Records to use START

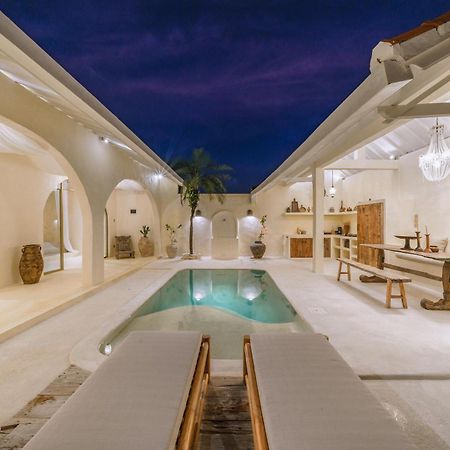 Villa Stella: 2Br Vibrant Mediterranean Oasis Canggu Εξωτερικό φωτογραφία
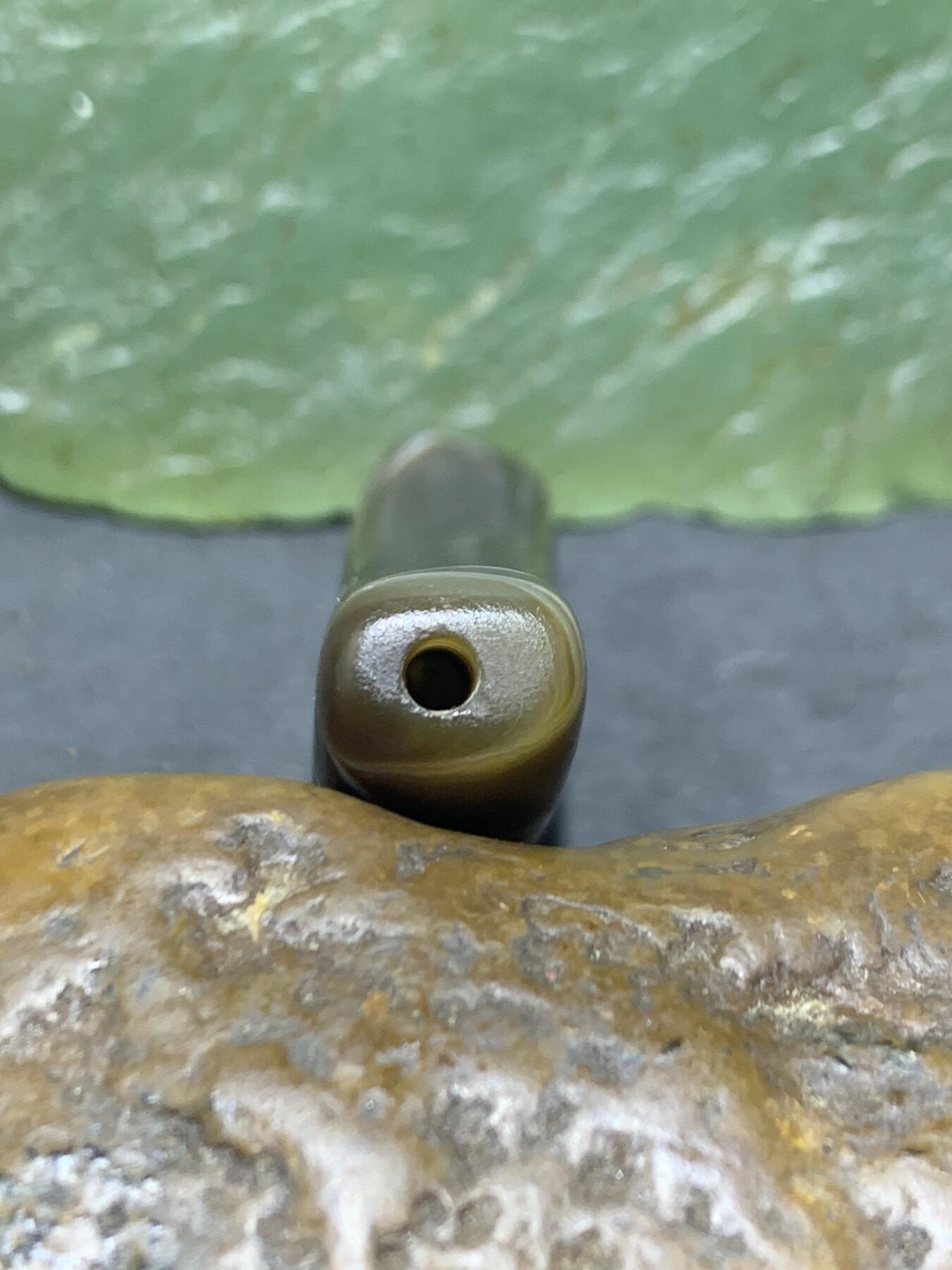 精美高玉化天眼纹风化纹缠丝玛瑙锁骨坠，（牛角珠）一颗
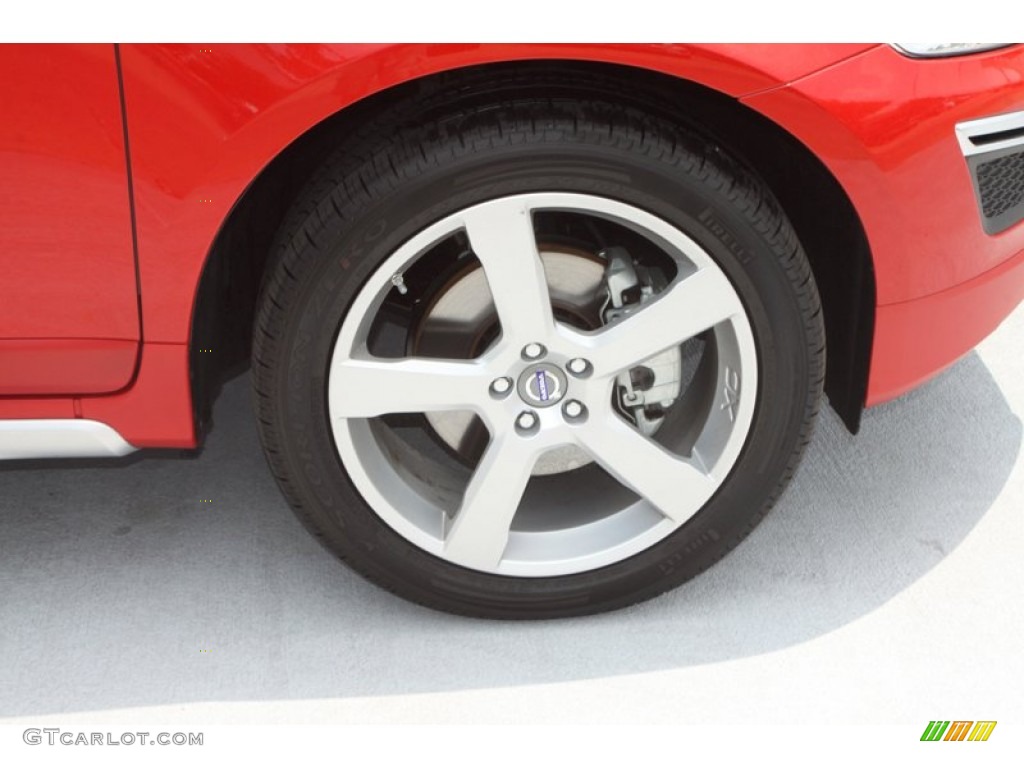 2013 Volvo XC60 T6 AWD R-Design Wheel Photos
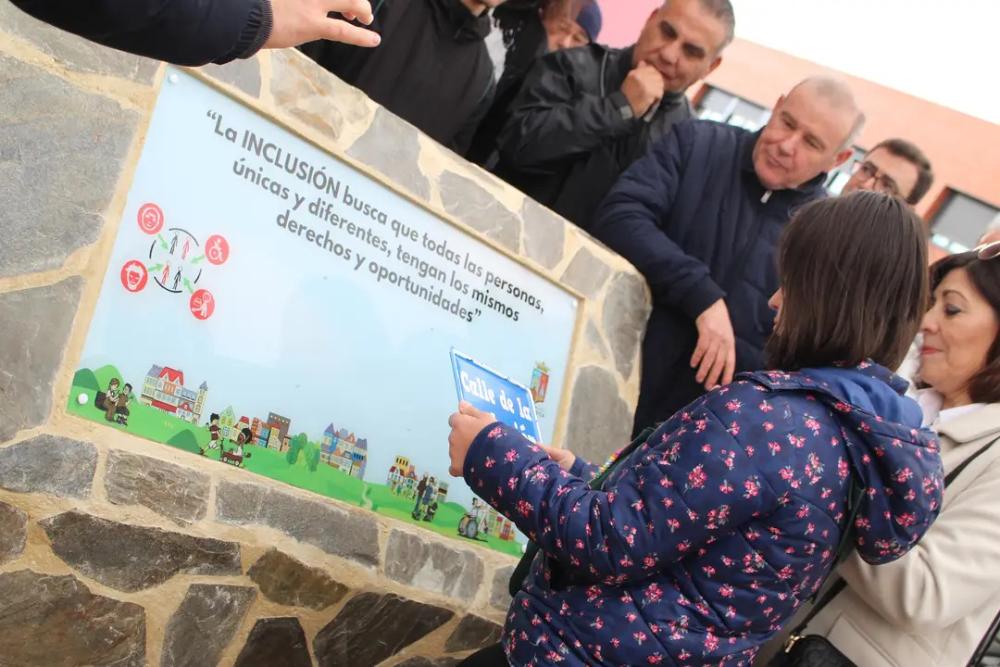 Alumna de Asprona Almansa colocando la placa de la inclusión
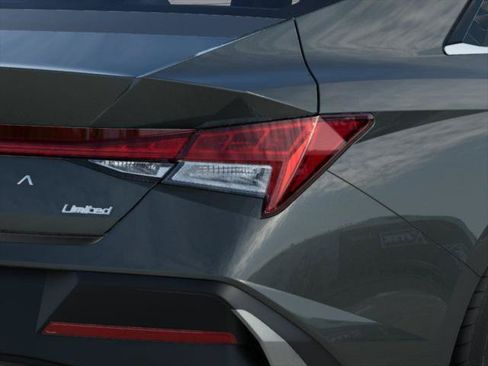 New 2026 Hyundai Elantra Limited FWD image 10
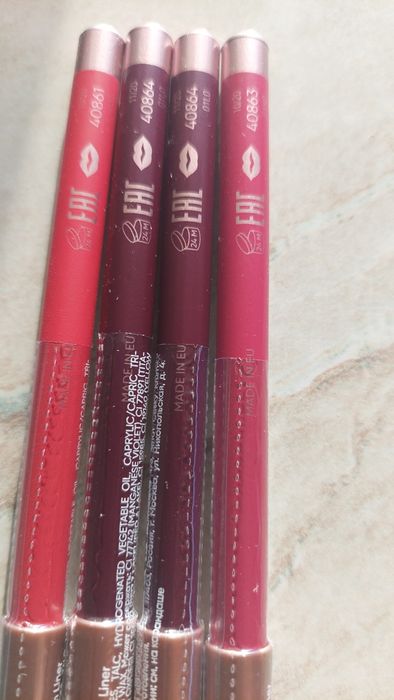 Помади Faberlic Перша леді Hidra Lips Satin Kiss...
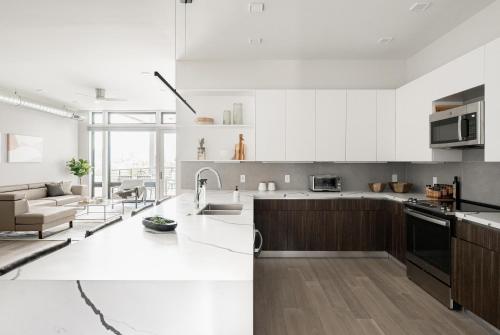 Luxurious Escape - Walk to Empower Field - Tesoro in Jefferson Park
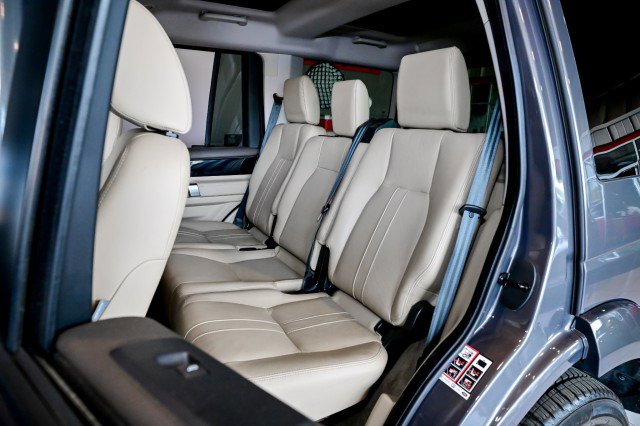 Used 2016 Land Rover LR4 HSE Silver Edition AWD/4WD image 19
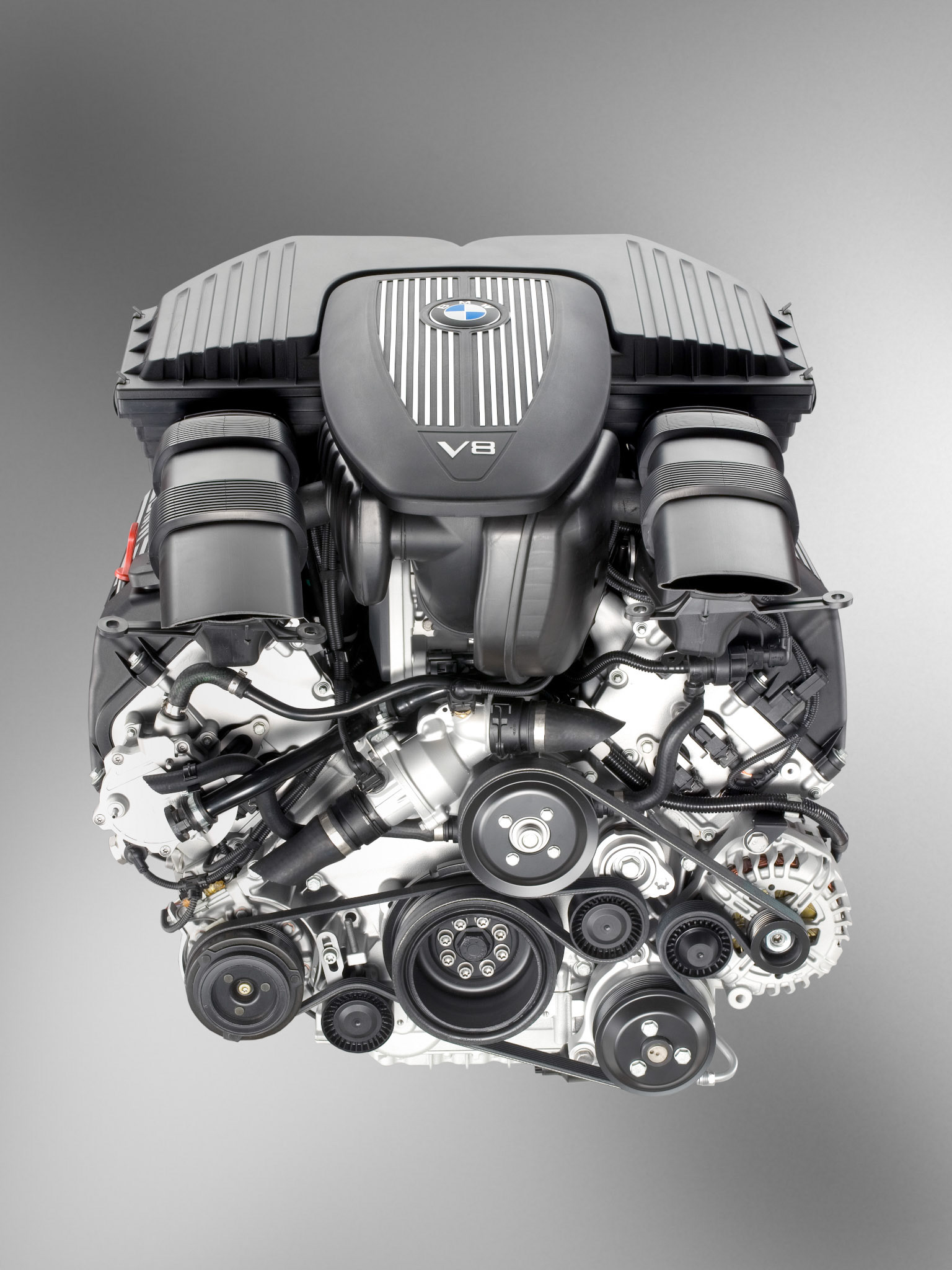BMW N62 is a naturally aspirated V8 petrol engine Version : N62B48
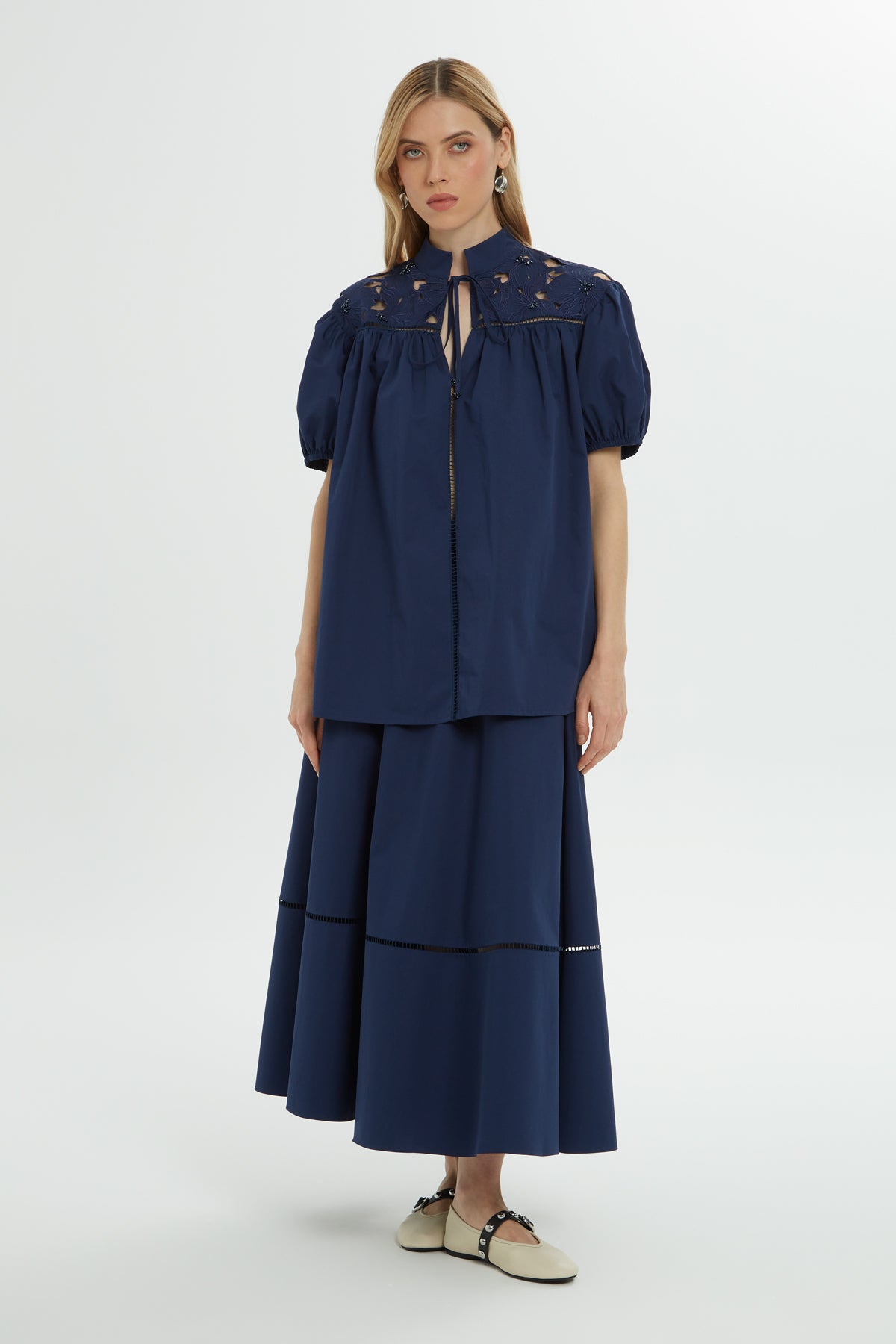 Dik Yakalı Poplin Gömlek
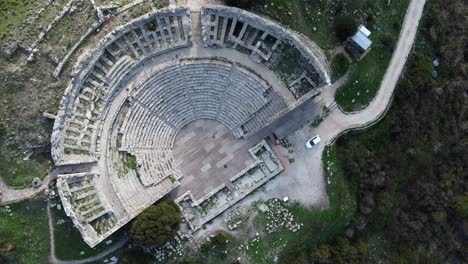 Vista-De-Pájaro-Giratoria-De-Un-Antiguo-Teatro-Griego-Con-Su-Escenario-Y-Ruinas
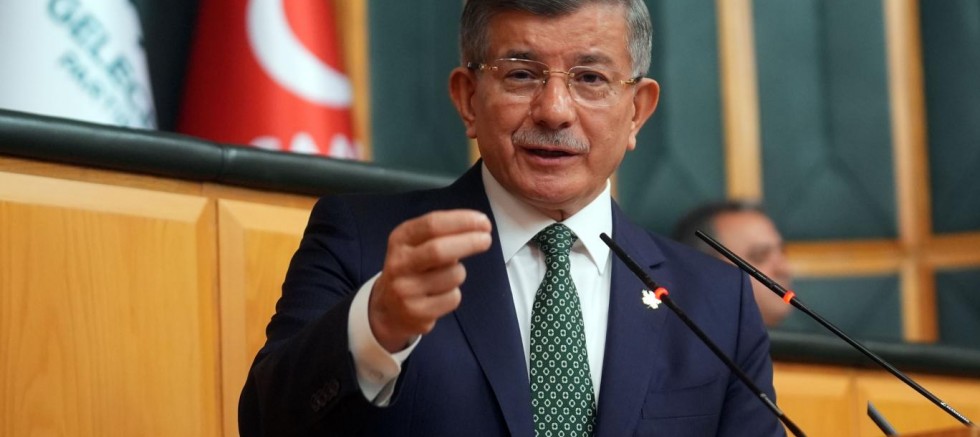 Ahmet Davutoğlu, Erdoğan-Özel görüşmesiyle ilgili konuştu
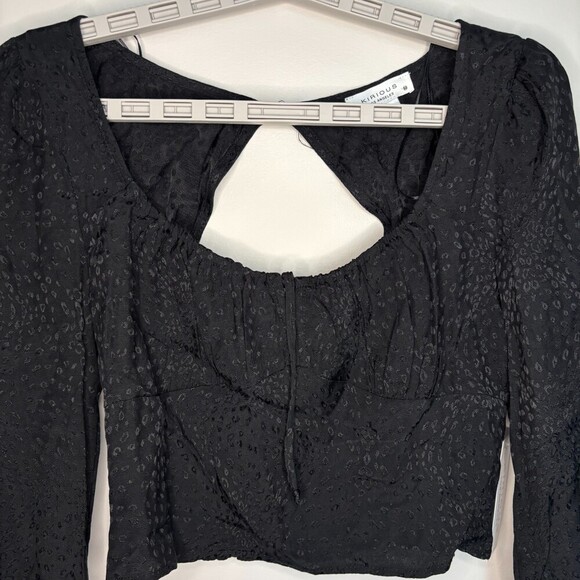 Kirious Tops - KIRIOUS NEW Cropped Long Sleeve Lightweight Top Womens M Keyhole Stretch Scoop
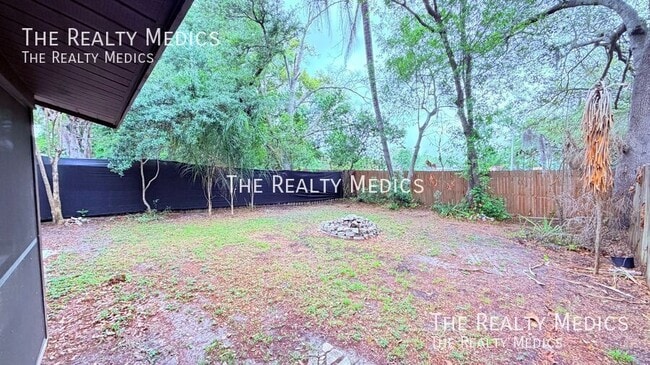 Building Photo - 7909 Richwood Dr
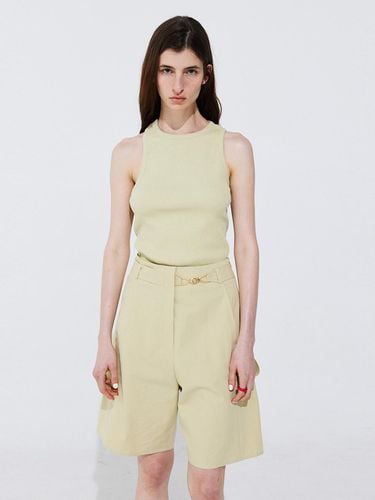 Back Cutout Sleeveless Top _ Light - WNDERKAMMER - Modalova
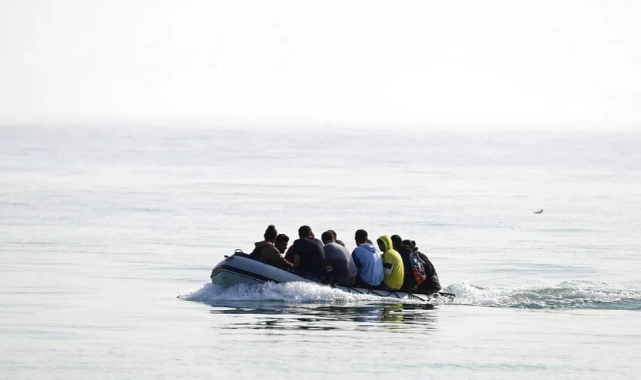 İzmir açıklarında kaçak göçmen mesaisi: 115 kişi yakalandı! 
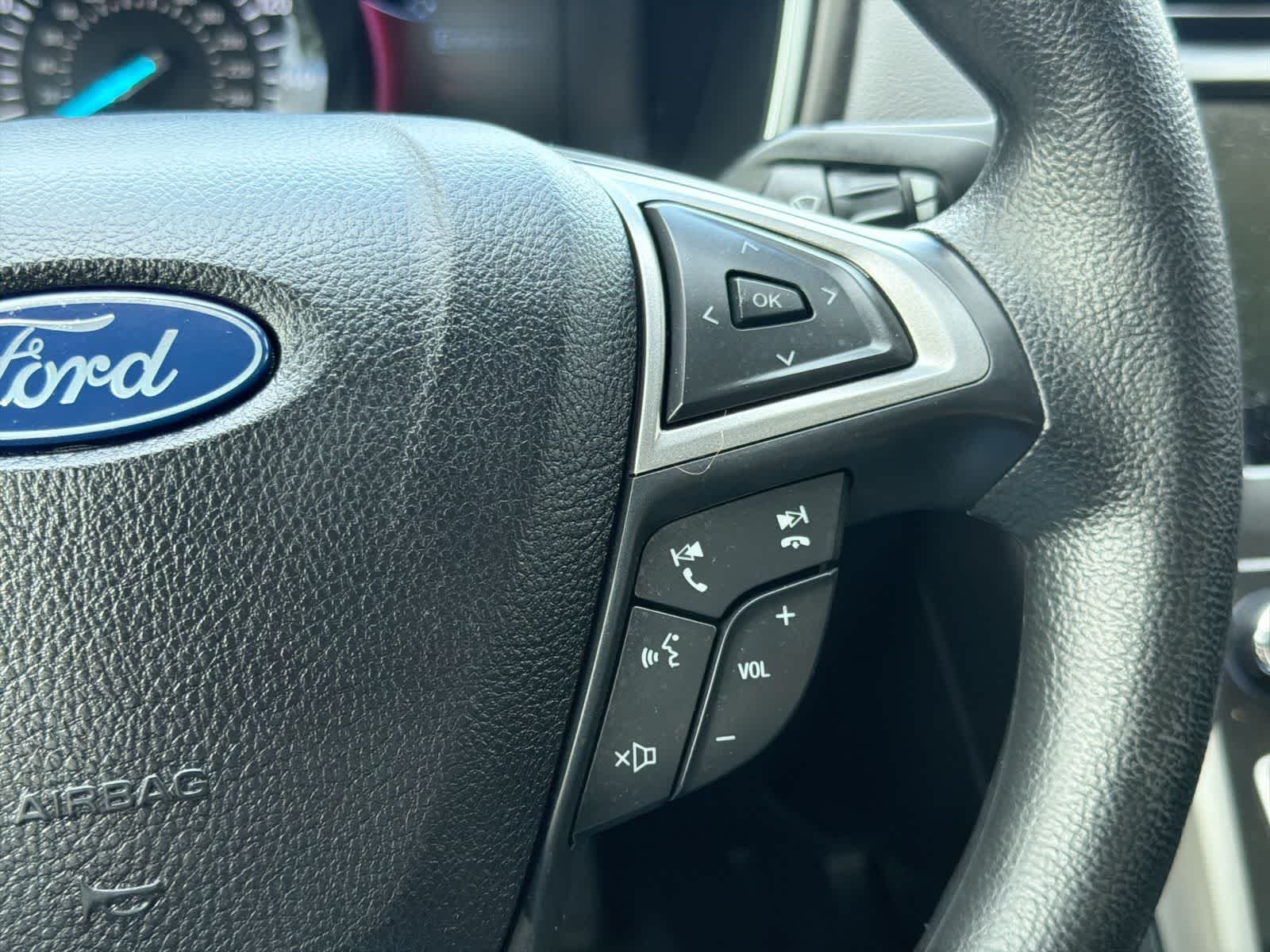 Used 2020 Alto Blue Metallic Tinted Clearcoat Ford SE image 25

Records to use END

◆ Action item ◆
Reproduce the listing above from the line that holds "Помади Faberlic Перша" through the line that holds "İzmir açıklarında kaçak", both included, with the pictures left out.

◆ Expected answer ◆
 Помади Faberlic Перша леді Hidra Lips Satin Kiss...
 Luxurious Escape - Walk to Empower Field - Tesoro in Jefferson Park
 Used 2016 Land Rover LR4 HSE Silver Edition AWD/4WD image 19
BMW N62 is a naturally aspirated V8 petrol engine Version : N62B48
 Dik Yakalı Poplin Gömlek
 Vista-De-Pájaro-Giratoria-De-Un-Antiguo-Teatro-Griego-Con-Su-Escenario-Y-Ruinas
 Ahmet Davutoğlu, Erdoğan-Özel görüşmesiyle ilgili konuştu
 Kirious Tops - KIRIOUS NEW Cropped Long Sleeve Lightweight Top Womens M Keyhole Stretch Scoop
 Building Photo - 7909 Richwood Dr
 Back Cutout Sleeveless Top _ Light - WNDERKAMMER - Modalova
 İzmir açıklarında kaçak göçmen mesaisi: 115 kişi yakalandı! 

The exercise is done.